┌──

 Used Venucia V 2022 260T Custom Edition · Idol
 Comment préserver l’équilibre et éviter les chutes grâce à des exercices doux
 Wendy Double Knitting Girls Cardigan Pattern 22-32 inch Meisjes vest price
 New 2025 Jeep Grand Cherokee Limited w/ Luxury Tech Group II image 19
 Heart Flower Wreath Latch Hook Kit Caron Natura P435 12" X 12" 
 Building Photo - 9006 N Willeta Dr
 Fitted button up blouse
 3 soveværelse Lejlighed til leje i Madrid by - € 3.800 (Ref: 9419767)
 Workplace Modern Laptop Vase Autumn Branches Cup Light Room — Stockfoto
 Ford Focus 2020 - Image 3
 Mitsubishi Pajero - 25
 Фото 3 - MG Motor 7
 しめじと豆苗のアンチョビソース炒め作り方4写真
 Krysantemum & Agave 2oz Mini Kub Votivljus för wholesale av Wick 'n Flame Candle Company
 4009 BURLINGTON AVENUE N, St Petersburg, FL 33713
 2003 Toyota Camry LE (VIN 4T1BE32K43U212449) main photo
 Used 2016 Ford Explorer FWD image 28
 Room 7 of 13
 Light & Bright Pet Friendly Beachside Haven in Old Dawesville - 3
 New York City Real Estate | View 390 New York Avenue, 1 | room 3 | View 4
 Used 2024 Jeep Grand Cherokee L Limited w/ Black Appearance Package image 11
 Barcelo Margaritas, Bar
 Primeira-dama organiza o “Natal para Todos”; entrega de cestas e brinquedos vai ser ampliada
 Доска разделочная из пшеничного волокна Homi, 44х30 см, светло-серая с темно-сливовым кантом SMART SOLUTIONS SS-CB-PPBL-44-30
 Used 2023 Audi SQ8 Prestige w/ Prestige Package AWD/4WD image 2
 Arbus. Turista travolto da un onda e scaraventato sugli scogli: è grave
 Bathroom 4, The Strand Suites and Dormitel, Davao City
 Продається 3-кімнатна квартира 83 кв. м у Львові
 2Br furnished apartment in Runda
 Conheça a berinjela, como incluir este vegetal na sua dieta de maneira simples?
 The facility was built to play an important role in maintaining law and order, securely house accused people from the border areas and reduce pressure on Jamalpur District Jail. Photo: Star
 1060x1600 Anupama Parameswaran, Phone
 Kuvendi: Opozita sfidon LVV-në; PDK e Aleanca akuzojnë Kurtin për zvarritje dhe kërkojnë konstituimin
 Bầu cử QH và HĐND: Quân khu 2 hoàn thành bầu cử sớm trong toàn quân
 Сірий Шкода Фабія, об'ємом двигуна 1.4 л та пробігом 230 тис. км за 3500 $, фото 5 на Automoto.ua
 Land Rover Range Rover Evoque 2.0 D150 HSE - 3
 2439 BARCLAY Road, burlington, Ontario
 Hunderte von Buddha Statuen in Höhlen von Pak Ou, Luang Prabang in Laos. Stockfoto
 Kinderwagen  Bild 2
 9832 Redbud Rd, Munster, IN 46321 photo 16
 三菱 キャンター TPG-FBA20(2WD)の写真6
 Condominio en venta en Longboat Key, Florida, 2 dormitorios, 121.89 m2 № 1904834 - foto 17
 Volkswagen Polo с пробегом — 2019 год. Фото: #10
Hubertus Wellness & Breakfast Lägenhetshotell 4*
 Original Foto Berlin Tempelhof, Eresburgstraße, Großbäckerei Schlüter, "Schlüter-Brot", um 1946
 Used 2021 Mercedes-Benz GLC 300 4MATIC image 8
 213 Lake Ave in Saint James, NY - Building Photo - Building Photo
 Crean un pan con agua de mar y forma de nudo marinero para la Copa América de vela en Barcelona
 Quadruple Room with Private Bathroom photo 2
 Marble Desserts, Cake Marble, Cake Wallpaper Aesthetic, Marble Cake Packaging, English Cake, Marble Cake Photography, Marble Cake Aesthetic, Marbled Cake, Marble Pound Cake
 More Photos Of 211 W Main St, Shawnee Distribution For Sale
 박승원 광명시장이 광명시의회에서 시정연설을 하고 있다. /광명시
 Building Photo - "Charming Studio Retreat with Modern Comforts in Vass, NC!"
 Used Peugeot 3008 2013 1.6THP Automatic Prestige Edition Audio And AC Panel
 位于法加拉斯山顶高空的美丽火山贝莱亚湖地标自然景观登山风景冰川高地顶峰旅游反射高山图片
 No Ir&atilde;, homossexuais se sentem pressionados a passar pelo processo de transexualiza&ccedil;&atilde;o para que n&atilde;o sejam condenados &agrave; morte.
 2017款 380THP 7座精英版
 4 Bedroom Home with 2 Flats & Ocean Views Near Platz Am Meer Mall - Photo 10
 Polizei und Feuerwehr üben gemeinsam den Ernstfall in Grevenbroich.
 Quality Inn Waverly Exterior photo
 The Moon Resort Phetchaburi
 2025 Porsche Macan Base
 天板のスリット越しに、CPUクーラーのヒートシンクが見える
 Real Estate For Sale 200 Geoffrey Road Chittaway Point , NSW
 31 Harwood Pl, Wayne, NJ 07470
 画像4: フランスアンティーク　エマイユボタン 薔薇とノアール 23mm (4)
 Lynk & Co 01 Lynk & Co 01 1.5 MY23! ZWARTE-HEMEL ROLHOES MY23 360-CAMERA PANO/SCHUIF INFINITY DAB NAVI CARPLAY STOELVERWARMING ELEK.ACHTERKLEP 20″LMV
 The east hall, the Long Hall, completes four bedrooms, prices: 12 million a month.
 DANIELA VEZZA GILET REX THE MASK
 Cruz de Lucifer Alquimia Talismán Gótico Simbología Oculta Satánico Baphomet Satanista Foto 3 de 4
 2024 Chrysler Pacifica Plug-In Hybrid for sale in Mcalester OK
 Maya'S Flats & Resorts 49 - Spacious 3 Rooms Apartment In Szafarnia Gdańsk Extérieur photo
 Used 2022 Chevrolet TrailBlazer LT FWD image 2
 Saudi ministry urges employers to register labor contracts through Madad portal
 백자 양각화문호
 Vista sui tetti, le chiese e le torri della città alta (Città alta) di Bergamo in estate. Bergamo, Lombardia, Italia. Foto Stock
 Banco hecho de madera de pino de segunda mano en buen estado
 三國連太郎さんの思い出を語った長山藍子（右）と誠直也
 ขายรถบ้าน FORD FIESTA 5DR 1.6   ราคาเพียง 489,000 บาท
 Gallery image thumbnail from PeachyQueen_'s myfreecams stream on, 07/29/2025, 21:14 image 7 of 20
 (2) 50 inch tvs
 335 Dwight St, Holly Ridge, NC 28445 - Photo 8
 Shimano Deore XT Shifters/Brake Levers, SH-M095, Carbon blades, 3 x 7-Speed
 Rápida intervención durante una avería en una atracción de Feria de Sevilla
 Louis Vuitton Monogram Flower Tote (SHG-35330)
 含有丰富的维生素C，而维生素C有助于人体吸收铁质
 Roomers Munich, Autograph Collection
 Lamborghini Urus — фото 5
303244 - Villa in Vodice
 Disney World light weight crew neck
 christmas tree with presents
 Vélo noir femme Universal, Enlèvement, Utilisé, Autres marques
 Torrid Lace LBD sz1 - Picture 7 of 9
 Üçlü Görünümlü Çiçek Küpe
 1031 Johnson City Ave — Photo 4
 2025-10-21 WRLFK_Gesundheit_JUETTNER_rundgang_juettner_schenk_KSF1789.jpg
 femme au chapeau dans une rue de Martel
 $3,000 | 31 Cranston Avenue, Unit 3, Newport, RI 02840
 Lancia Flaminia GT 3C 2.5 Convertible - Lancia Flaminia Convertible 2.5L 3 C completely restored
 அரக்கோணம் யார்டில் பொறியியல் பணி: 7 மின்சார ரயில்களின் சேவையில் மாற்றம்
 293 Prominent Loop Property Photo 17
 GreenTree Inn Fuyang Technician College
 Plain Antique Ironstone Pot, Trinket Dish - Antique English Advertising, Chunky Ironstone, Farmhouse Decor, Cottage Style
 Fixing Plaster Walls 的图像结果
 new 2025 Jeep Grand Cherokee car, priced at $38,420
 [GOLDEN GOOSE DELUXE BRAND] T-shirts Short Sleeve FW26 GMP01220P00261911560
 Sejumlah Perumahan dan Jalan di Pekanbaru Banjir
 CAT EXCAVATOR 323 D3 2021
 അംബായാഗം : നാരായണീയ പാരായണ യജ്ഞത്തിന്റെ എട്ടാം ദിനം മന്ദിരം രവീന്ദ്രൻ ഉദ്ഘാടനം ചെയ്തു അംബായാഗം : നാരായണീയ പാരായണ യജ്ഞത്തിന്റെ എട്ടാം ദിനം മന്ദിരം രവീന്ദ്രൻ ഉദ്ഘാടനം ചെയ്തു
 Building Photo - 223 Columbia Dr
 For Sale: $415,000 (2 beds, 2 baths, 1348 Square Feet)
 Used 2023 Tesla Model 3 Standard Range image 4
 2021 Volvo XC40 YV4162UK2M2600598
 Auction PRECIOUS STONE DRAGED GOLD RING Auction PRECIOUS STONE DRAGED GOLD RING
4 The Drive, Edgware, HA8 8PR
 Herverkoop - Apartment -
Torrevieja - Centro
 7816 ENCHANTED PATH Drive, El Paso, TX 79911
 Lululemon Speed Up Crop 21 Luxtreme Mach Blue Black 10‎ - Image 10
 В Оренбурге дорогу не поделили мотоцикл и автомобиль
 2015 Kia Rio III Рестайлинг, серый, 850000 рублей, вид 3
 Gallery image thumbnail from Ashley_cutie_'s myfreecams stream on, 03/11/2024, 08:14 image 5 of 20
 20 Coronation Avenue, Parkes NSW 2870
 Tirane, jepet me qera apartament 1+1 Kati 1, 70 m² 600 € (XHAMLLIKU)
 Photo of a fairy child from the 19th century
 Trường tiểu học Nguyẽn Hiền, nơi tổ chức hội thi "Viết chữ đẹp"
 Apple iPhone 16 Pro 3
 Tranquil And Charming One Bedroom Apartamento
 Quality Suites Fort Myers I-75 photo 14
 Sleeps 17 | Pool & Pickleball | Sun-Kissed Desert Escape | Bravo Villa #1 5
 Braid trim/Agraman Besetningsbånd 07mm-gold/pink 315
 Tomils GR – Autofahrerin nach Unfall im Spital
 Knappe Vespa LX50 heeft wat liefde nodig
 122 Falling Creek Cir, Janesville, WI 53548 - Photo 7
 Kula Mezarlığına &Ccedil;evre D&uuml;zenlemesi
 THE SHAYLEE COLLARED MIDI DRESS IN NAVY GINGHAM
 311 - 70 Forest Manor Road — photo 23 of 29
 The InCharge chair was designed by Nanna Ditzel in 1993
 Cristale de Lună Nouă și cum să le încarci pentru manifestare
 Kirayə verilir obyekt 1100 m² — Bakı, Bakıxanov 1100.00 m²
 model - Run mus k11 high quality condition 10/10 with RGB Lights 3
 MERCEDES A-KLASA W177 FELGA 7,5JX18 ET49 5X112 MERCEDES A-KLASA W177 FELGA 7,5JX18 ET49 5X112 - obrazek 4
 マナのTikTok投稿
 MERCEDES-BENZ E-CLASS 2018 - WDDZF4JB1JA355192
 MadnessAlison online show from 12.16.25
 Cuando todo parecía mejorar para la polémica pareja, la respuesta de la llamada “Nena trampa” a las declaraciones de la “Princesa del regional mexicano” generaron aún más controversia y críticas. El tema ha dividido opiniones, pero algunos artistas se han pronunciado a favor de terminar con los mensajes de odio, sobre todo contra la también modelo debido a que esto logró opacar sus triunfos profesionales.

└──

→ **THE PROBLEM**
Among the entries above, the lines between the ones containing "Lancia Flaminia GT" and "GreenTree Inn Fuyang Technician College", inclusive, are to be transcribed exactly. No other line is to be given.

→ **ANSWER TO THE EXERCISE**
 Lancia Flaminia GT 3C 2.5 Convertible - Lancia Flaminia Convertible 2.5L 3 C completely restored
 அரக்கோணம் யார்டில் பொறியியல் பணி: 7 மின்சார ரயில்களின் சேவையில் மாற்றம்
 293 Prominent Loop Property Photo 17
 GreenTree Inn Fuyang Technician College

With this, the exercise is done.